**Directions:** What lines in the records below include the word "voor"? Return each one.

Web page caption snippets
+--
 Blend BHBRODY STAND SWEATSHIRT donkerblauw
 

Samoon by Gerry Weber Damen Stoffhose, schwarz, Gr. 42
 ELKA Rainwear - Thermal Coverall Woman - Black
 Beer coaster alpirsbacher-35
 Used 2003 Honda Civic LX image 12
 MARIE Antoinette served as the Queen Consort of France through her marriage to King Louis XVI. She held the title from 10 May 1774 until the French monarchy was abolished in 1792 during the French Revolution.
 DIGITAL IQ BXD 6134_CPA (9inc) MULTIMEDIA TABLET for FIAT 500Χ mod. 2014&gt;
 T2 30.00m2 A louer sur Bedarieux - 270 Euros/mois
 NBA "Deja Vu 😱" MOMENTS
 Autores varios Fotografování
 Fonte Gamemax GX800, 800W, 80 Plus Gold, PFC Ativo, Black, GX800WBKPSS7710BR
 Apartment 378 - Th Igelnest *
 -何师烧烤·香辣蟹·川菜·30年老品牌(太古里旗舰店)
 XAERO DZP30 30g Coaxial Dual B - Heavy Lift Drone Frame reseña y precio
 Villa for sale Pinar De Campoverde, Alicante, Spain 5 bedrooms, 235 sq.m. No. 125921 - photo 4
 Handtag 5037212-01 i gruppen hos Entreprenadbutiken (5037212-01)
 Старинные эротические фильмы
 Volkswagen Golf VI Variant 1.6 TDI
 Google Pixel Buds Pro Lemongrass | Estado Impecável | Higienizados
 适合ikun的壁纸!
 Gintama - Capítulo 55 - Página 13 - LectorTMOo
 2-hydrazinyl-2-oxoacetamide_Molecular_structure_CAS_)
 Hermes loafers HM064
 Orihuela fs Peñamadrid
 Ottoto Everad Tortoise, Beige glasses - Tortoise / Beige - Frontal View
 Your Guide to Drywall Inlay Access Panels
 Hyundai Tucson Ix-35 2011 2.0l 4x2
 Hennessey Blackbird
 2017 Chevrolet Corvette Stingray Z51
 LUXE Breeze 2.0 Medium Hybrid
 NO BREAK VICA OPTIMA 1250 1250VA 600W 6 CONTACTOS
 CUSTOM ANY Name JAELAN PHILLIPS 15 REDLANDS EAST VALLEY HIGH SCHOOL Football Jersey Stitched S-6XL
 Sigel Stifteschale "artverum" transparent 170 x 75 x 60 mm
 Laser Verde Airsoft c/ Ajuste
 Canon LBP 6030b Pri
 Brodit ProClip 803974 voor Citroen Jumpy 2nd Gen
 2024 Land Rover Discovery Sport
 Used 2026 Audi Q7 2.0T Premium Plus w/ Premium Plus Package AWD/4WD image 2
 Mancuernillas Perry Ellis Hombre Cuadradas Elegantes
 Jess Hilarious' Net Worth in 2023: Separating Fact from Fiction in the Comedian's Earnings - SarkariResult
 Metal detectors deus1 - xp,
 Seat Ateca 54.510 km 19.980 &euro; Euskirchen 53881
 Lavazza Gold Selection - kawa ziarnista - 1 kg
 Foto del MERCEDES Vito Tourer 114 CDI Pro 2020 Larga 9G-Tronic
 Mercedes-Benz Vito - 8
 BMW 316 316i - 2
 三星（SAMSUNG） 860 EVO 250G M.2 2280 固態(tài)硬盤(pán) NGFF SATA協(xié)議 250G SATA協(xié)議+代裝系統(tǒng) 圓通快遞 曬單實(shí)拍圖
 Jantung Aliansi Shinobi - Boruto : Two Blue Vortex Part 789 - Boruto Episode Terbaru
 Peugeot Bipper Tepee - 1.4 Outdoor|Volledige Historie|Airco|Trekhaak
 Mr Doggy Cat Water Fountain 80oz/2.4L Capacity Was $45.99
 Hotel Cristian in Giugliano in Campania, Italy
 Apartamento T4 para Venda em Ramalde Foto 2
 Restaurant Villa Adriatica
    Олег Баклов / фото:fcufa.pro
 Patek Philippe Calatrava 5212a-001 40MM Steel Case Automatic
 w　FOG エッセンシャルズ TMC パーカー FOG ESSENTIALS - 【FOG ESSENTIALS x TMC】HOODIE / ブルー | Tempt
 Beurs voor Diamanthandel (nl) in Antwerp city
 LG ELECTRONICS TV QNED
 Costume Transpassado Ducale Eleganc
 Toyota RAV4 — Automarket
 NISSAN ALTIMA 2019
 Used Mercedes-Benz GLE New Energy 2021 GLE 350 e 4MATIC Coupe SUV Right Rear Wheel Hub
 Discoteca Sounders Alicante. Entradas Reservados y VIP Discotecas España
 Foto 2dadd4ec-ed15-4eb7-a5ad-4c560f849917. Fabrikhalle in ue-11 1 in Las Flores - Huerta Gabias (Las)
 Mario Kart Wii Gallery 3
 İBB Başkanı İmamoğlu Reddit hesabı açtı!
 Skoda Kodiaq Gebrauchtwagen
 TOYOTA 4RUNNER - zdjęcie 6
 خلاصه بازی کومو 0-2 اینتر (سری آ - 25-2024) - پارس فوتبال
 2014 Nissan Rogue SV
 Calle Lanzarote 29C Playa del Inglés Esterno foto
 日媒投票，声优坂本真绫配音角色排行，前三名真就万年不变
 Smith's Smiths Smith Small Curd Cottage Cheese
+--
**Problem solution:**
 Brodit ProClip 803974 voor Citroen Jumpy 2nd Gen
 Beurs voor Diamanthandel (nl) in Antwerp city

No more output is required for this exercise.